----- RECORDS -----

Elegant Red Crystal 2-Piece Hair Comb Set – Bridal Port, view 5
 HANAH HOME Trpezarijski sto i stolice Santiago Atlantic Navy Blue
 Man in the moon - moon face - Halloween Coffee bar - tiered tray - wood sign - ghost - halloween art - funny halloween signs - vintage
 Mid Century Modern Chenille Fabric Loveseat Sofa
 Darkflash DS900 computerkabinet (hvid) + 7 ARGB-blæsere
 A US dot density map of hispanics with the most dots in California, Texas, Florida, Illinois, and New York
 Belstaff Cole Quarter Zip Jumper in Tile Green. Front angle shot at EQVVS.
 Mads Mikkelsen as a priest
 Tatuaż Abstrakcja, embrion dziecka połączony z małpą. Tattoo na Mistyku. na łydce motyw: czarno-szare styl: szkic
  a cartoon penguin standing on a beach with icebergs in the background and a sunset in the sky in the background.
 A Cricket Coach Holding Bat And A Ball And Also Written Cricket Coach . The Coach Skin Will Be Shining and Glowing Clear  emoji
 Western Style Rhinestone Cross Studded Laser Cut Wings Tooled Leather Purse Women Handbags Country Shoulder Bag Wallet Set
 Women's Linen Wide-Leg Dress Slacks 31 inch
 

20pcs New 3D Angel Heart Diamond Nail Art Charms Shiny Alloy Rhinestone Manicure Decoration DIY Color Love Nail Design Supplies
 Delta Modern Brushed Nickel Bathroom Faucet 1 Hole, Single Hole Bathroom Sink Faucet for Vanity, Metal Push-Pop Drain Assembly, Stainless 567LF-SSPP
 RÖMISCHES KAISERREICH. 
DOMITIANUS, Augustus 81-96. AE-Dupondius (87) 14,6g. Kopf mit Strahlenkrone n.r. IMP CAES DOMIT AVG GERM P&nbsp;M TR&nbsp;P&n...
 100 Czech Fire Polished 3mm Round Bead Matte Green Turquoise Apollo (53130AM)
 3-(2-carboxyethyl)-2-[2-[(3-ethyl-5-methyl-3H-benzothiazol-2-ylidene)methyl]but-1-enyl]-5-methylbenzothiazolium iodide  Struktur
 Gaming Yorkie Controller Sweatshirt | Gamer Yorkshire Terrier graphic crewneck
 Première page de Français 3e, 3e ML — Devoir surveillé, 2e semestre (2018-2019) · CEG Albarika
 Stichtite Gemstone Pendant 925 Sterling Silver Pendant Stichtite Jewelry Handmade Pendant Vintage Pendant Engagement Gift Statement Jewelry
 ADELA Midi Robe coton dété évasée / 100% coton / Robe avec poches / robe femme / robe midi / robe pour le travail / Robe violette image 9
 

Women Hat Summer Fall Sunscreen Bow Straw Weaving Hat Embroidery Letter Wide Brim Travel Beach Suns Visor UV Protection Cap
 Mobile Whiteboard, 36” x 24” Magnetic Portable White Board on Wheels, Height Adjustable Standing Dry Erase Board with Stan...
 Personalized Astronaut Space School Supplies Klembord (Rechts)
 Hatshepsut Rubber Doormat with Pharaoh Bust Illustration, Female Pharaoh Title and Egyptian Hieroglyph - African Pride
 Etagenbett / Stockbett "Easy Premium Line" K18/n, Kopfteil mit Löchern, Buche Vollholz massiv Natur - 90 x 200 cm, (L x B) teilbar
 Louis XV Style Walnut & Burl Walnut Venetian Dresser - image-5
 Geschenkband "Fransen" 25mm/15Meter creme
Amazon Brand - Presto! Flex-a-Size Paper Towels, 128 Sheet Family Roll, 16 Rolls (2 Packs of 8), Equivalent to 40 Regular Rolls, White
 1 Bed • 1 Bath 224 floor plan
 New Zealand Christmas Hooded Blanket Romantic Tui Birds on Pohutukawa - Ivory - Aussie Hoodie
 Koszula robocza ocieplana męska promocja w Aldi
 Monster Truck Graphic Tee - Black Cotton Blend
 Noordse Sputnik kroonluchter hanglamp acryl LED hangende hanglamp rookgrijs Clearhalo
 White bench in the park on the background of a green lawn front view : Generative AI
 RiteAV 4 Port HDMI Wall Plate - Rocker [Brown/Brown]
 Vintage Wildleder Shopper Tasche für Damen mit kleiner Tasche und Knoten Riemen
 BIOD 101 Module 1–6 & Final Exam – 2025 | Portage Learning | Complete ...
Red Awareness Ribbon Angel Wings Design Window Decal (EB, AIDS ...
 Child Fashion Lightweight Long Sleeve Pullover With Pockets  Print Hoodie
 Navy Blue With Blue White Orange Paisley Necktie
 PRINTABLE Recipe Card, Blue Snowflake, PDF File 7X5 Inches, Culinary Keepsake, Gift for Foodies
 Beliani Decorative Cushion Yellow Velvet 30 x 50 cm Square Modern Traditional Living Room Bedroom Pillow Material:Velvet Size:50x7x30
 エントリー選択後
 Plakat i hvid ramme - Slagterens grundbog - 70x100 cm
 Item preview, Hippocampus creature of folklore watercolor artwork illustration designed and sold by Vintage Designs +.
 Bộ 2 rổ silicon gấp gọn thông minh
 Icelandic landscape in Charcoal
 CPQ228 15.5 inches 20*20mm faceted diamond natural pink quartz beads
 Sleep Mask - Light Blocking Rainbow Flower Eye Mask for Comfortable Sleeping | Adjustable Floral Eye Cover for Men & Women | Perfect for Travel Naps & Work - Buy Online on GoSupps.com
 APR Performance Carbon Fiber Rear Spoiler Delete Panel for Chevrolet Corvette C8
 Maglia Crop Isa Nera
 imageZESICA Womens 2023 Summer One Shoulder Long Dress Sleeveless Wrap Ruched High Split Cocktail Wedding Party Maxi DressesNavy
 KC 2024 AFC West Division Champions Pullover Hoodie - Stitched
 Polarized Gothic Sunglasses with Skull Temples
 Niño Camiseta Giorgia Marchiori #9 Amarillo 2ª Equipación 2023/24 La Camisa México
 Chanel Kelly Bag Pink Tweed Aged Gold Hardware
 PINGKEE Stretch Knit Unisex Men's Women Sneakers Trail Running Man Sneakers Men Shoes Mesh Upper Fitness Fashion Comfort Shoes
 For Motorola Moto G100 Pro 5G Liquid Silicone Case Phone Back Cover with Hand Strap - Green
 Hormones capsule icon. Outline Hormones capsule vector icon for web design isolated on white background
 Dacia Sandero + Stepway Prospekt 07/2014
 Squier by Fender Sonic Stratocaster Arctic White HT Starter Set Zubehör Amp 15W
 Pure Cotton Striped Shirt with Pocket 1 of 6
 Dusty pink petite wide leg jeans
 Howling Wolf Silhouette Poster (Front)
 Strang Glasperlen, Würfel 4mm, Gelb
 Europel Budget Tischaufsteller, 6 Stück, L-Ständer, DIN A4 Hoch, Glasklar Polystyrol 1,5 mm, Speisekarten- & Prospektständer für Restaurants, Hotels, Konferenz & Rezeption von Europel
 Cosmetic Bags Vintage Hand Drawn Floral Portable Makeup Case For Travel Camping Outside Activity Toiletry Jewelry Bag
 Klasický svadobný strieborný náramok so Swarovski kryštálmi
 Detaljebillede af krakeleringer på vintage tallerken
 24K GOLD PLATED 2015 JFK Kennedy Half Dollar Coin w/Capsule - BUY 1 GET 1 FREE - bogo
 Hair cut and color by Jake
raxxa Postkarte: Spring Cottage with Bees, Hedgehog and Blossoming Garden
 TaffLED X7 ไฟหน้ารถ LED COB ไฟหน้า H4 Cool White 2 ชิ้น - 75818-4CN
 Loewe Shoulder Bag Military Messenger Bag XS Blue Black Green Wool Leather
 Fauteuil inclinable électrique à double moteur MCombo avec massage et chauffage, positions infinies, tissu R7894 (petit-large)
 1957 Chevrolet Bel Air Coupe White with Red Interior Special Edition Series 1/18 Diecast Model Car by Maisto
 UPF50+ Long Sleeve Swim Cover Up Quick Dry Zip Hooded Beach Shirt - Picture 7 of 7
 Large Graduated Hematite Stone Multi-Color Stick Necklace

-----

- **PROBLEM DESCRIPTION**
In the entries above, find the line holding "Child Fashion Lightweight" and the line holding "Bộ 2 rổ silicon gấp gọn thông minh"; print both of them and every line between, exactly, and nothing else.

- **PROBLEM SOLUTION**
 Child Fashion Lightweight Long Sleeve Pullover With Pockets  Print Hoodie
 Navy Blue With Blue White Orange Paisley Necktie
 PRINTABLE Recipe Card, Blue Snowflake, PDF File 7X5 Inches, Culinary Keepsake, Gift for Foodies
 Beliani Decorative Cushion Yellow Velvet 30 x 50 cm Square Modern Traditional Living Room Bedroom Pillow Material:Velvet Size:50x7x30
 エントリー選択後
 Plakat i hvid ramme - Slagterens grundbog - 70x100 cm
 Item preview, Hippocampus creature of folklore watercolor artwork illustration designed and sold by Vintage Designs +.
 Bộ 2 rổ silicon gấp gọn thông minh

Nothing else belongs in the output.